For this exercise, reproduce only the lines from the one holding "cutest new pumpkin" through the final line of the data below, exactly, and omit pictures.

* Available data *
# # #
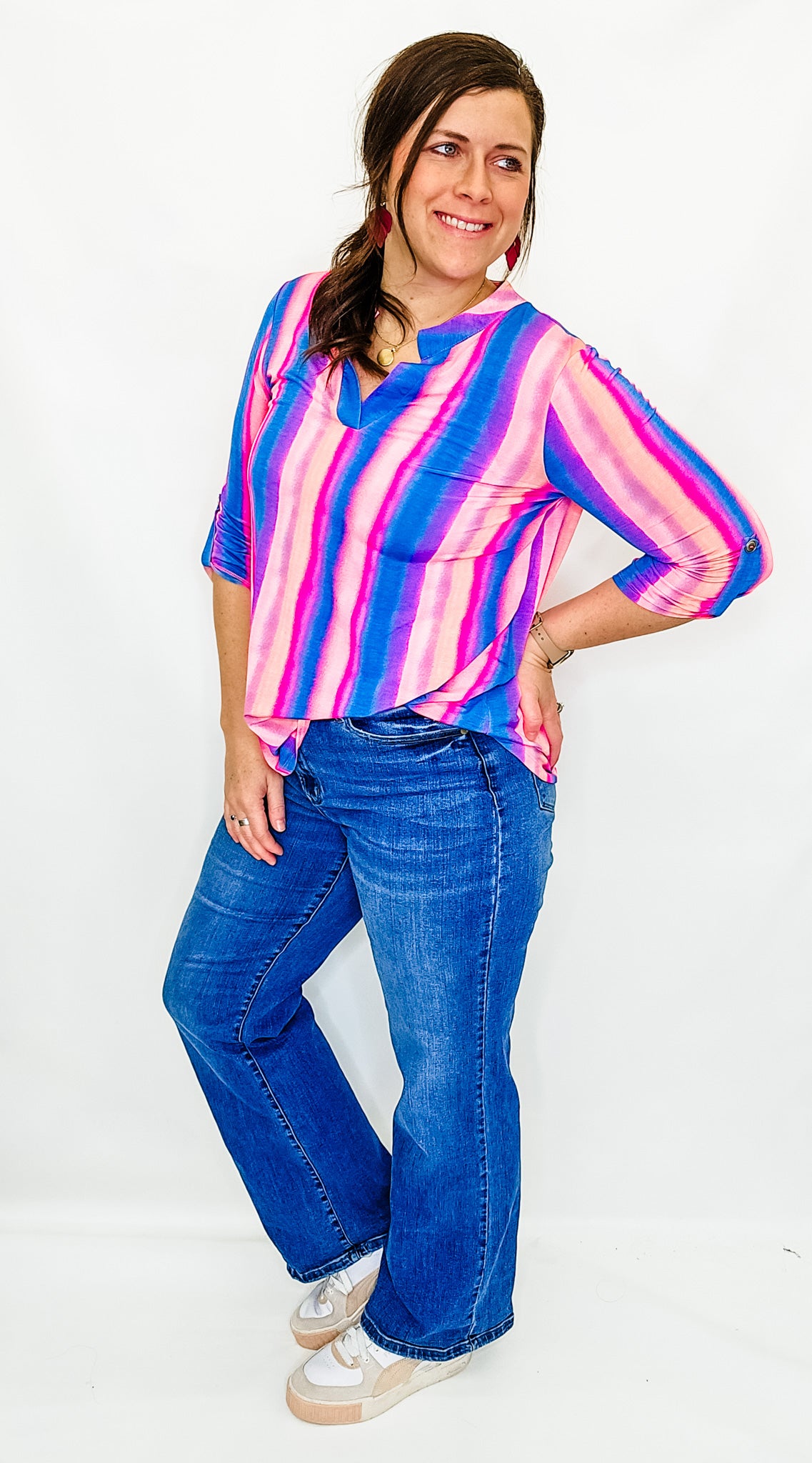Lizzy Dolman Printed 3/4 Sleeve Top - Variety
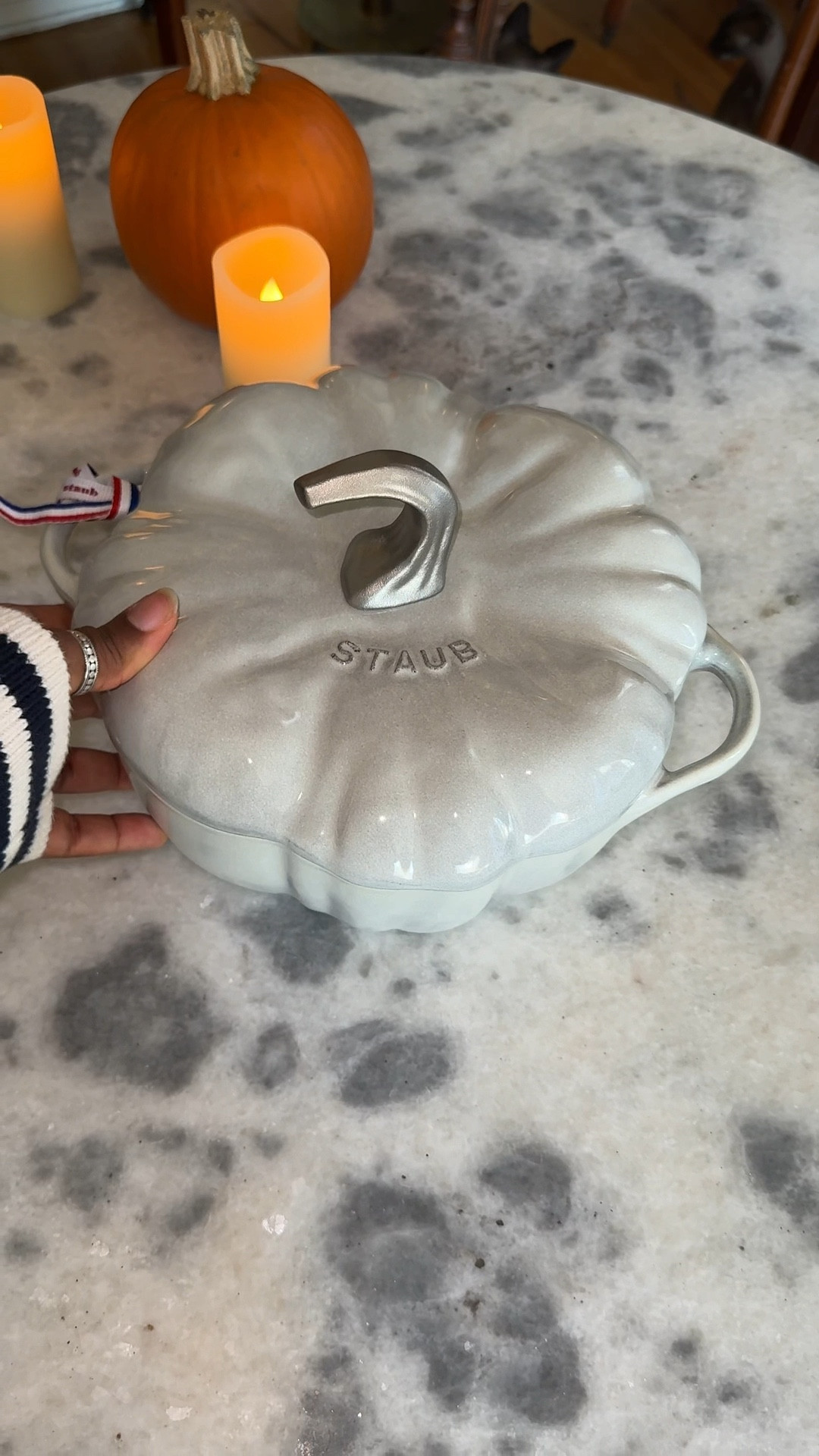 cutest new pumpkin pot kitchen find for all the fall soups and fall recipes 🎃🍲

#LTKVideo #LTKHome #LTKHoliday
# # #
* The answer *
 cutest new pumpkin pot kitchen find for all the fall soups and fall recipes 🎃🍲

#LTKVideo #LTKHome #LTKHoliday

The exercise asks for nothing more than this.